Re: Starting on the Museum exhibits, ending on them.
My school didn't buy its first computer until the year after I left
Mine had a link to the Barnet Council Burroughs mainframe - but I didn't get to use it because I didn't do the IT A level (becuase I hadn't done the O level - even me pointing out that I built my first computer at age 12 and was programming in hex[1] thereafter didn't get me into the A level).
However, I did get to use the BBC Micro machines that our forward-looking maths teacher had bought out of her budget and installed at the back of her classroom. Out of lesson hours, they were free for any pupil to muck about with.
Which is why the first pre-assembled computer I bought[2] was a BBC Micro. Followed by buying a Watford ADFS board and sideways RAM/ROM card (which I then upgraded with a read/write switch to cope with those pesky ROM images that would try to self-corrupt..).
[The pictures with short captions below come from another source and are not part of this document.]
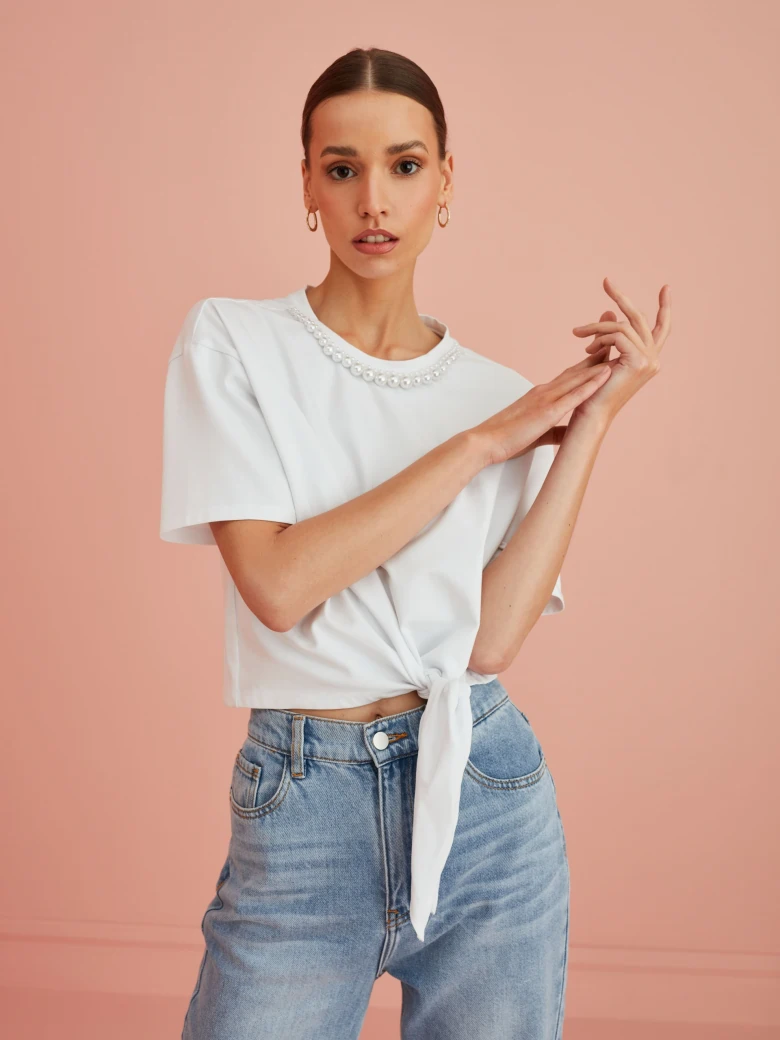WHITE BLOUSE WITH SUBTLE PEARL DETAILS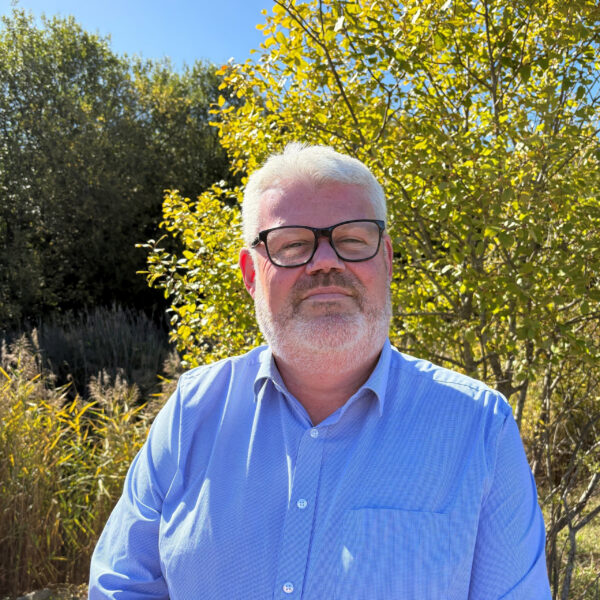 Simon Cummins
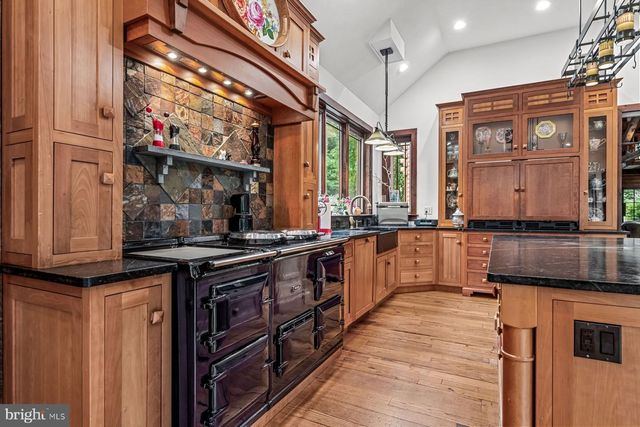 1408 RENE RD, Villanova, PA 19085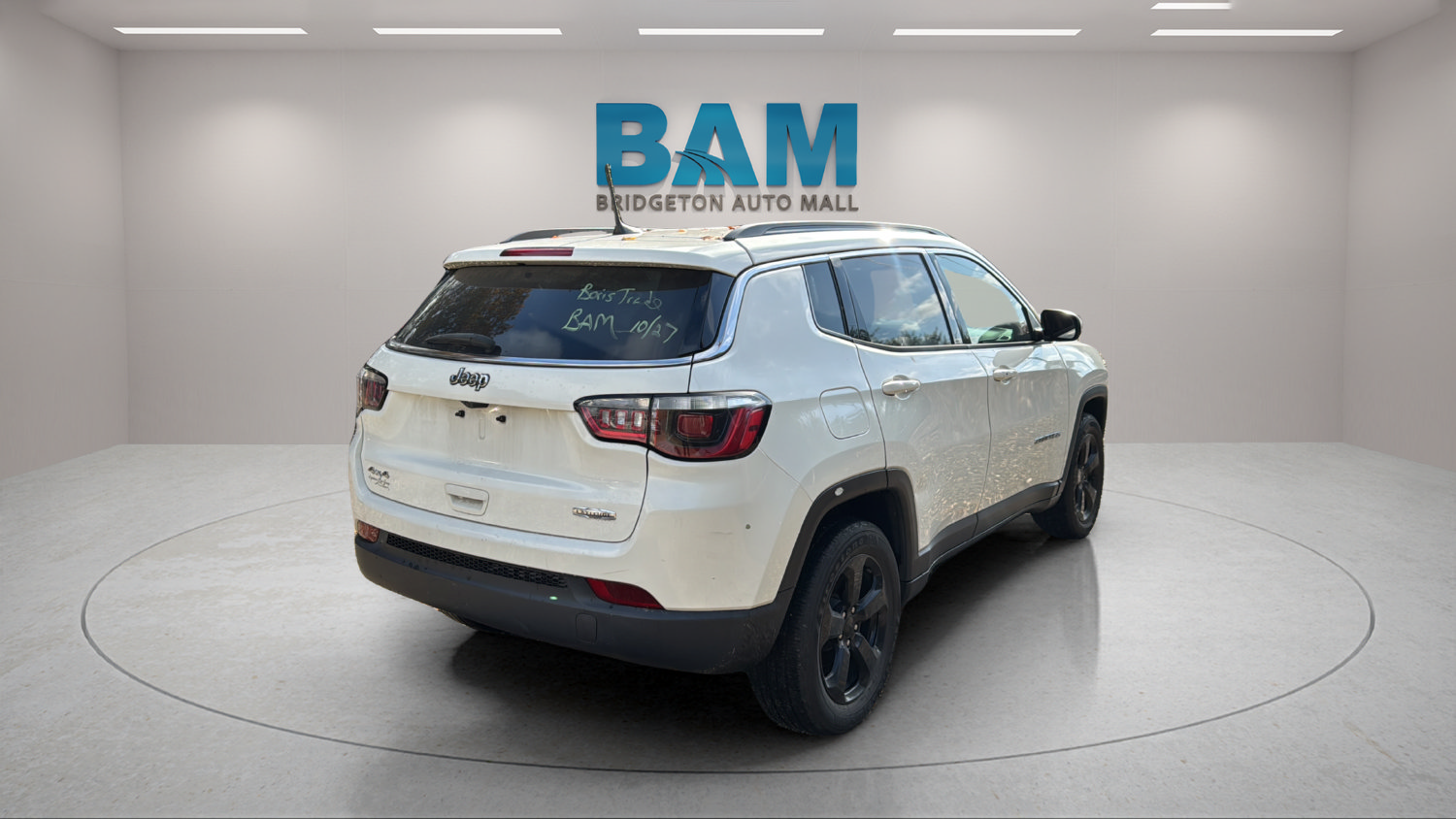 Used 2019 Jeep Compass Latitude w/ Popular Equipment Group AWD/4WD image 7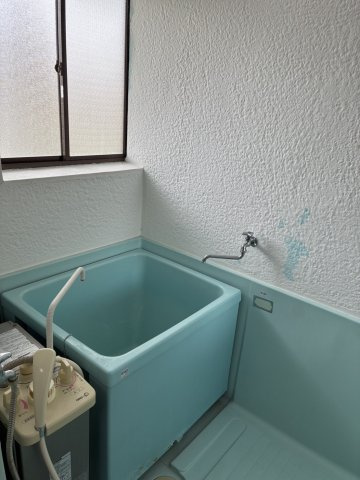 新潟市西区上新栄町４丁目のアパートの浴室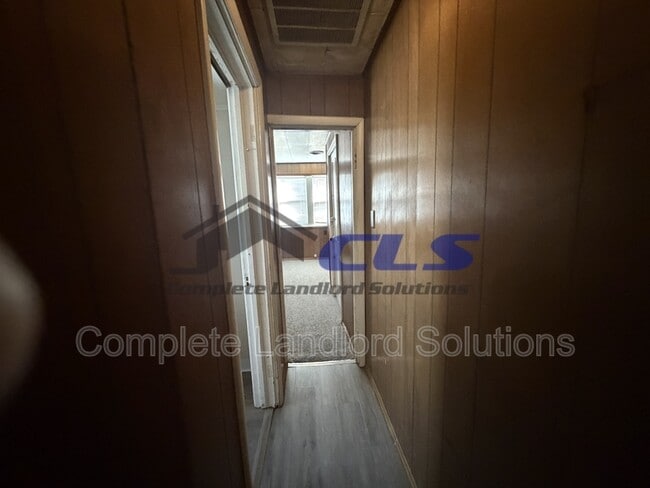 Building Photo - 1811 N 8th St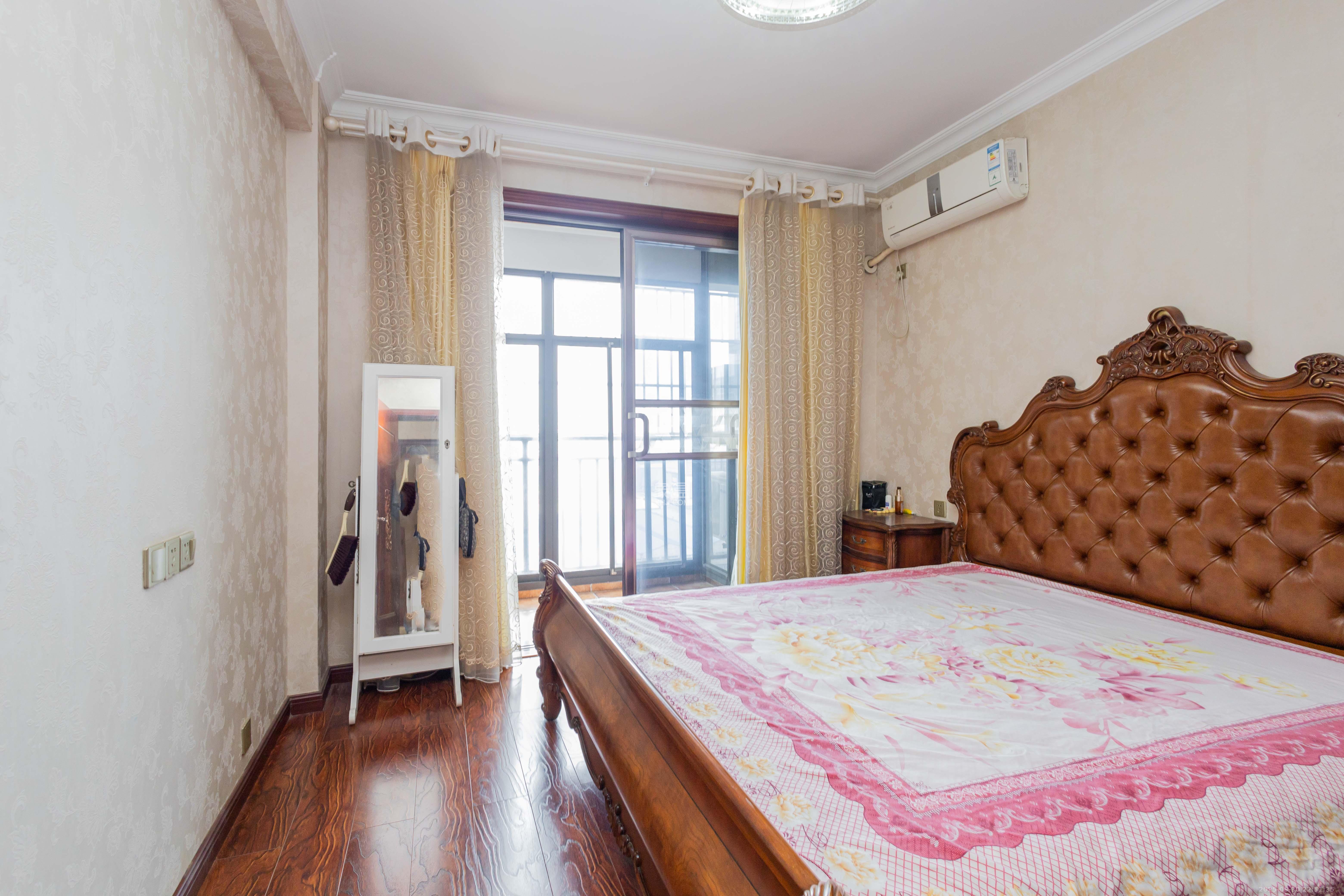 东岸梅园小区 4室2厅2卫 140.0万 东岸梅园小区 4室2厅2卫 140.0万卧室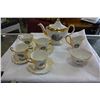 Image 2 : ROYAL WINTON GRIMWADES BONE CHINA SET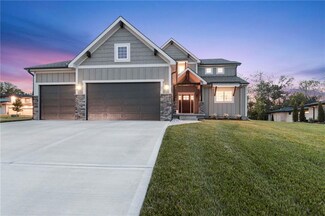 3 Black Hawk Dr, Lake Winnebago, MO 64034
[1] No assembler - we didn't buy the Zeap Assembler until later. Before then it was hand-assembly all the way. Good old Nascom 1.
[2] Technically, my parents bought it. But it was mine dammit! And I paid[3] for the scorchingly-fast 12/75 non-autodial modem that I used to run up my parents phone bill by making calls to the Almac BBS in Scotland..
[3] Well, *technically* my brother bought it since he worked for a GEC company at the time. But he didn't seem to ever use it so it ended up as mine. Possession and 9/10ths and all that.